服务器可通过根据预设的短语音识别规则,对待处理语音信号进行短语音片段识别,得到目标短语音片段,该短语音识别规则可包括目标短语音片段的语音时长和短时能量大小。服务器也可通过根据预设的短语音识别规则,对待处理语音信号进行短语音片段识别,得到初始短语音片段,通过自动语音识别(automatic speech recognition,ASR)算法,对初始短语音片段进行语音识别和文本转换,得到初始短语音文本,判断初始短语音文本是否为单音节词,若是,则将初始短语音文本对应的初始短语音片段确定为目标短语音片段,若否,则剔除或标记初始短语音片段。
102、将目标短语音片段与预置短语音片段依次进行匹配和分类标签提取,得到目标分类标签,目标分类标签包括疑问语气、正常陈述语气和/或虚警噪声。
服务器可通过生成目标短语音片段的目标键,对预置数据库中存储的预置短语音片段的散列表进行键值对匹配,得到与目标短语音片段对应的目标短语音片段;或者,服务器也可通过预置的倒序索引,对预置数据库进行检索,得到与目标短语音片段对应的目标短语音片段;或者服务器也可通过计算目标短语音片段与预置短语音片段之间的语义相似度、文本相似度和情绪特征相似度,并计算语义相似度、文本相似度和情绪特征相似度的均值或权重和值,得到最终的相似度,判断该最终的相似度是否大于预设的目标值,若是,则将对应的预置短语音片段确定为目标短语音片段,若否,则返回空值。
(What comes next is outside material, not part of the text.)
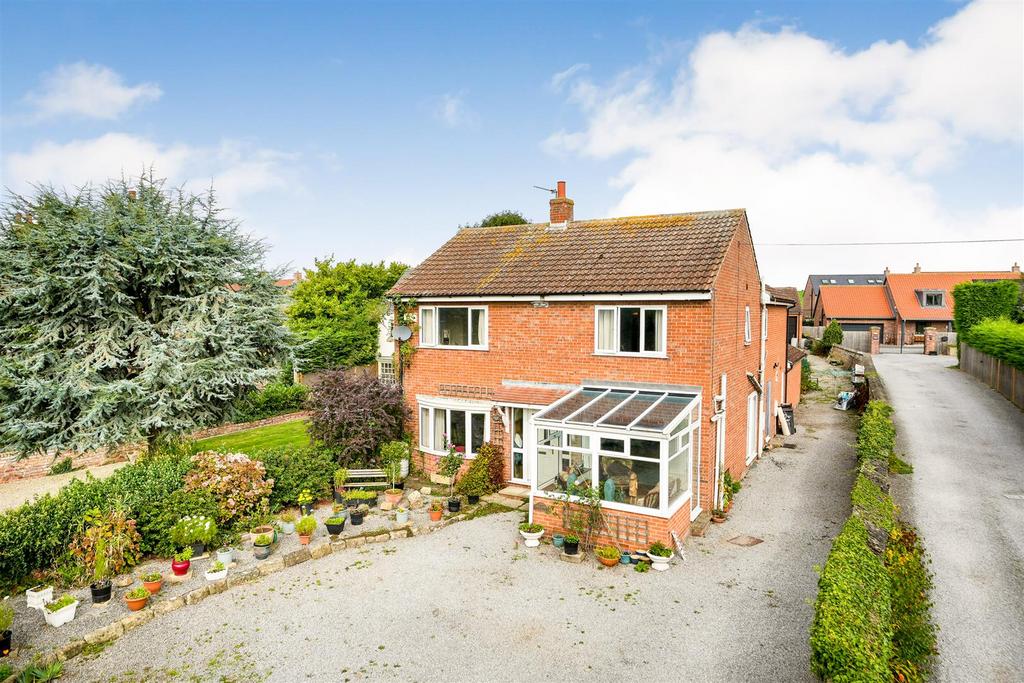 Langthorpe, Boroughbridge... 4 bed detached house £684,950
服务器通过预置的标签提取算法,提取目标短语音片段的分类标签信息,得到目标分类标签。
103、通过预置的目标神经网络模型和目标分类标签,对目标音频特征进行分类,得到初始识别类型,以及初始识别类型对应的目标置信度。
服务器通过预置的目标神经网络模型中的全连接网络层,基于目标分类标签,对目标音频特征进行分类并进行概率值计算,得到每个目标短语音片段对应给的初始识别类型,以及初始识别类型对应的置信度,该置信度为概率值。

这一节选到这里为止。